Escrita pelos jornalistas Katia Simões e Roberto Prioste, a obra nasceu a partir bash convite bash empresário Luiz Paulo Fogguetti, bastante conhecido na cena paulistana e com lembranças marcantes bash centro da cidade, idealizando o livro como homenagem afetiva à São Paulo, que provocou os autores a mergulharem na história da Love Story sem censura, sem controle narrativo e sem a intenção de construir uma versão oficial. O resultado é um livro-reportagem que cruza jornalismo, memória, comportamento e cultura urbana.
Dividido entre a Boca bash Lixo e a Boca bash Luxo, o livro reconstrói a trajetória da Love Story desde sua origem até se consolidar como um verdadeiro patrimônio emocional da cidade de São Paulo. A narrativa é construída a partir de mais de 25 horas de depoimentos, reunindo vozes de artistas, empresários, jornalistas, personagens da noite, frequentadores anônimos e figuras públicas que viveram, cada um à sua maneira, o fenômeno Love Story.
Ao longo bash livro, a Love Story aparece como um espaço onde fama, anonimato, desejo e liberdade coexistiam sem hierarquia. Essa pluralidade se revela nos depoimentos de personagens que marcaram diferentes gerações da cultura brasileira.
A atriz Luana Piovani relembra a casa como um raro refúgio philharmonic e comportamental em meio à padronização da noite paulistana:
"O Love epoch diferente porque tocava todo tipo de música. Era três degraus acima da loucura de qualquer trilha sonora de festa. Ali dava para se divertir de verdade."

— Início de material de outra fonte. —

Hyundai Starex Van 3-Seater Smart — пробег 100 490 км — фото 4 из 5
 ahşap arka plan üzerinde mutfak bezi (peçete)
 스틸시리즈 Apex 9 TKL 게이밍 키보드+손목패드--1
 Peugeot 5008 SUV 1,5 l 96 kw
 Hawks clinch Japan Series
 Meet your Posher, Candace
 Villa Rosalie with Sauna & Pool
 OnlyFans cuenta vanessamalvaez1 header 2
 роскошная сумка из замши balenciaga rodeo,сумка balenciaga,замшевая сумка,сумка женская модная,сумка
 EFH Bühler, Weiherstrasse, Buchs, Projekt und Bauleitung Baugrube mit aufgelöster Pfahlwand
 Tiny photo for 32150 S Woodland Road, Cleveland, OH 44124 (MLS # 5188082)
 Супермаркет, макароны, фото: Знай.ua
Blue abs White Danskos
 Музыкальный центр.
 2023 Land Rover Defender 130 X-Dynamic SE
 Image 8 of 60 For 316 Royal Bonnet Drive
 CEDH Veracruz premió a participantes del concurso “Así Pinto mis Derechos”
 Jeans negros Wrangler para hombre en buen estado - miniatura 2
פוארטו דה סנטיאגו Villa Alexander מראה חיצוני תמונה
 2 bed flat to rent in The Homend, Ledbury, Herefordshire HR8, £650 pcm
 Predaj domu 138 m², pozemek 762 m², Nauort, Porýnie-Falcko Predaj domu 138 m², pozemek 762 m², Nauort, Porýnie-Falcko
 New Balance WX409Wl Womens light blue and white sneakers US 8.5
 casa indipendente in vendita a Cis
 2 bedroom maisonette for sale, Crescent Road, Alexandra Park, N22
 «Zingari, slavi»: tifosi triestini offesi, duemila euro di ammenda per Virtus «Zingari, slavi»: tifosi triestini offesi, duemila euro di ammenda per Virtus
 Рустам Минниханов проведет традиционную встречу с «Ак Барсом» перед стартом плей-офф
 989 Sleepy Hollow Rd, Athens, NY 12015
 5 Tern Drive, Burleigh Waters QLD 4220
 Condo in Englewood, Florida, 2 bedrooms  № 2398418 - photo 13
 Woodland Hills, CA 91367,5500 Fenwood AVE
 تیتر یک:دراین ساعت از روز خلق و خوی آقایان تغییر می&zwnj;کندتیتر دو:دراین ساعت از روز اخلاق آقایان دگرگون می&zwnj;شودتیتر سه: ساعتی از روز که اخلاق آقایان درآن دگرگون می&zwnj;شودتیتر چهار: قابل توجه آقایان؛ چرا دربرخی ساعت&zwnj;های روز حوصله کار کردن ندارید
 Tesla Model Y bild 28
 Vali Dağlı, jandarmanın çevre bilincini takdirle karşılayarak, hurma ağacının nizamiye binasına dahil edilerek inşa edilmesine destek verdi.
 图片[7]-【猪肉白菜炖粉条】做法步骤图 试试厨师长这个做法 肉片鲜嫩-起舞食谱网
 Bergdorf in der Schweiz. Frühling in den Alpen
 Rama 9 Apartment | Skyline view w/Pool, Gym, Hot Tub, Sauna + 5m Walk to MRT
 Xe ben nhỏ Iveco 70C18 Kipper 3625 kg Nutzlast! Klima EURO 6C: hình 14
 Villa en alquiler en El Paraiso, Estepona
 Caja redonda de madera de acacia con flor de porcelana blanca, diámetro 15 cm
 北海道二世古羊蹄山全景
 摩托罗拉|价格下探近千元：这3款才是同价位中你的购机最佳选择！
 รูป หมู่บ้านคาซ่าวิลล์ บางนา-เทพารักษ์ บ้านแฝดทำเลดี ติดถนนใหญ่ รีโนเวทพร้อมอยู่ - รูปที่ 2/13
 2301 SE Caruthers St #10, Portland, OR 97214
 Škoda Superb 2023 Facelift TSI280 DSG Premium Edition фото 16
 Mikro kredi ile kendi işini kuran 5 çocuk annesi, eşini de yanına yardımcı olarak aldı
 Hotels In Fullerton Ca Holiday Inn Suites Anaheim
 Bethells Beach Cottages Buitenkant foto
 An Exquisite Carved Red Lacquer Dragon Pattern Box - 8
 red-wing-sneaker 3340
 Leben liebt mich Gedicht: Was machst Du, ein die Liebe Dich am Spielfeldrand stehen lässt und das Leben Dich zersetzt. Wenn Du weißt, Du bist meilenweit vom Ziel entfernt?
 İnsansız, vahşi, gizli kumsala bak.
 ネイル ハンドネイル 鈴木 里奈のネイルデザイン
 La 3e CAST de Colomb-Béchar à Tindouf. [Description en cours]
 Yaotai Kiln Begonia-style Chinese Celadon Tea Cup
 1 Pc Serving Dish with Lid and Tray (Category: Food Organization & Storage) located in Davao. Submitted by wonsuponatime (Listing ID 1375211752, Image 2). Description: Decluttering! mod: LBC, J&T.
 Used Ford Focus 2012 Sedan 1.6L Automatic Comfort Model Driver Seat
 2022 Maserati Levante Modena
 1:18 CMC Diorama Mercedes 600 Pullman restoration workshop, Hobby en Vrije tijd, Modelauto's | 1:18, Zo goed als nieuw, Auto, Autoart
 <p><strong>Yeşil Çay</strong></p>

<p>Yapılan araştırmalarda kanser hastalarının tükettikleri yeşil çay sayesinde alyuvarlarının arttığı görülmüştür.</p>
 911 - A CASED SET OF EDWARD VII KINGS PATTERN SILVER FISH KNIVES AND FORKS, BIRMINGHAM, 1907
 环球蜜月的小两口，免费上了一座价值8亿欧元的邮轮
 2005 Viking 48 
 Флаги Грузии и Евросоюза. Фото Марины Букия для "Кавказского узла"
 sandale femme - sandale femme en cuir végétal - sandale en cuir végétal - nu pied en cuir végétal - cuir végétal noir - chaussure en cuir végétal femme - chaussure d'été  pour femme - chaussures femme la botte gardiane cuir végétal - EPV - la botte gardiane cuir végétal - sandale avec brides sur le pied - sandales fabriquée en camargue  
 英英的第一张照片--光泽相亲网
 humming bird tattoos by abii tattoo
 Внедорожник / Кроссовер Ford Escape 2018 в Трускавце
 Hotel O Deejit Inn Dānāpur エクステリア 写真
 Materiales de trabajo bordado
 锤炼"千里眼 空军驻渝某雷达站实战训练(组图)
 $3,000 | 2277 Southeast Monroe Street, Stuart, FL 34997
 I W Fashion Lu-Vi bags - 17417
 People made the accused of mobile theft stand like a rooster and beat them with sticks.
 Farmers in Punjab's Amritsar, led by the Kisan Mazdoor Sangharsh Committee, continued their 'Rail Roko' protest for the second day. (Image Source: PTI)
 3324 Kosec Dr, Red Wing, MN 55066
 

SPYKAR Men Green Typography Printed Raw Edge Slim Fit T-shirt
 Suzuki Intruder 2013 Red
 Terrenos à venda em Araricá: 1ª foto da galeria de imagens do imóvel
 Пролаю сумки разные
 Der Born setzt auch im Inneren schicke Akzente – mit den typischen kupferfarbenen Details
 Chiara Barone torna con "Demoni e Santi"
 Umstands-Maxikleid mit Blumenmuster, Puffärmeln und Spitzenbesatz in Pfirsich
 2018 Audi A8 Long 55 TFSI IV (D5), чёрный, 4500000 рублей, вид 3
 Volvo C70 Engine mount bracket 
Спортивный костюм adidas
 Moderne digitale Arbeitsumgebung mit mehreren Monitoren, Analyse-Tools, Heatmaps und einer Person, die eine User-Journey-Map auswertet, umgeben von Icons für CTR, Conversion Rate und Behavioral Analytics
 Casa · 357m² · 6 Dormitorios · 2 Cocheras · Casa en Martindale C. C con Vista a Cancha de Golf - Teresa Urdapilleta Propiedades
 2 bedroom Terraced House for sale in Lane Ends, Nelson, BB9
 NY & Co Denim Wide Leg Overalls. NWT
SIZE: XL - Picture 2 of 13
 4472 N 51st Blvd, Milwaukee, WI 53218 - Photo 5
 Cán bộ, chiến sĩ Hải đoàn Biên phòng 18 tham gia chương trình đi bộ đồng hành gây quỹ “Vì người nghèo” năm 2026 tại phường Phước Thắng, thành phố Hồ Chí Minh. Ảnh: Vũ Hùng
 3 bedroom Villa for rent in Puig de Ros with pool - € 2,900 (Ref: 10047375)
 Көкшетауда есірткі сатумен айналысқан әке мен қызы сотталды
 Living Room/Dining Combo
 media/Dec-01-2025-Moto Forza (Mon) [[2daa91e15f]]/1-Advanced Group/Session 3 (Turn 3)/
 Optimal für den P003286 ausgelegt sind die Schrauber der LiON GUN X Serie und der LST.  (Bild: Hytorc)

A cook Janaína Torres, hoje uma das principais referências da gastronomia brasileira, descreve a Love Story como um espaço de acolhimento e igualdade:
"Eu ia à Love para espairecer, dançar. Muitas vezes chegava direto bash trabalho, com roupa de cozinheira, toda engordurada. E o tratamento epoch exatamente o mesmo."
Figura constante da noite paulistana, a empresária Aritana Maroni associa a Love Story à potência sensorial e à mistura existent de tribos:
"Ali você entrava e via pessoas famosas escondidas, travestis, gente da noite, todo mundo junto. Era miscigenação de verdade."
O livro também registra passagens discretas, e quase cinematográficas, de figuras internacionais. O ator Chadwick Boseman, protagonista de Pantera Negra, passou uma noite inteira na Love Story sem ser reconhecido, protegido pelo pacto informal de discrição que a casa mantinha com seus frequentadores. Até a realeza cruzou aquele território. O escritor Ari Behn, então marido da princesa Märtha Louise, da Dinamarca, chegou a gravar cenas de um programa europeu dentro da boate.
A relação da Love Story com a fama e a imprensa aparece ainda nos bastidores. Para preservar a privacidade dos clientes, seguranças revistavam frequentadores e controlavam rigorosamente o uso de câmeras. Alguns artistas evitavam entrar para não virar pauta de colunas sociais. O cantor Thiaguinho, por exemplo, é citado nary livro como alguém que preferia ir embora ao perceber o risco de exposição midiática.